§ **ABOUT THIS TASK**:
Within the records below is a range that opens at the line with "A beagle mix dog standing on grass" and closes at the line with "Bluefin tuna (Thunnus". Return that range word for word, both ends included, and only that range.

§ **INFORMATION**:
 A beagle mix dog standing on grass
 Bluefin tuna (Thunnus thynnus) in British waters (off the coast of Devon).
* * *
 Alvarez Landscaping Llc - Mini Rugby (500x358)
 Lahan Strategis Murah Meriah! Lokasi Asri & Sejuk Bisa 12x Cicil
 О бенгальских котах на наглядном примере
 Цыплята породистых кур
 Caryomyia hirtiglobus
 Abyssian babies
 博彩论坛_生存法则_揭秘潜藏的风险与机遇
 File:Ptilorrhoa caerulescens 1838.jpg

§ **TASK OUTPUT**:
 A beagle mix dog standing on grass
 Bluefin tuna (Thunnus thynnus) in British waters (off the coast of Devon).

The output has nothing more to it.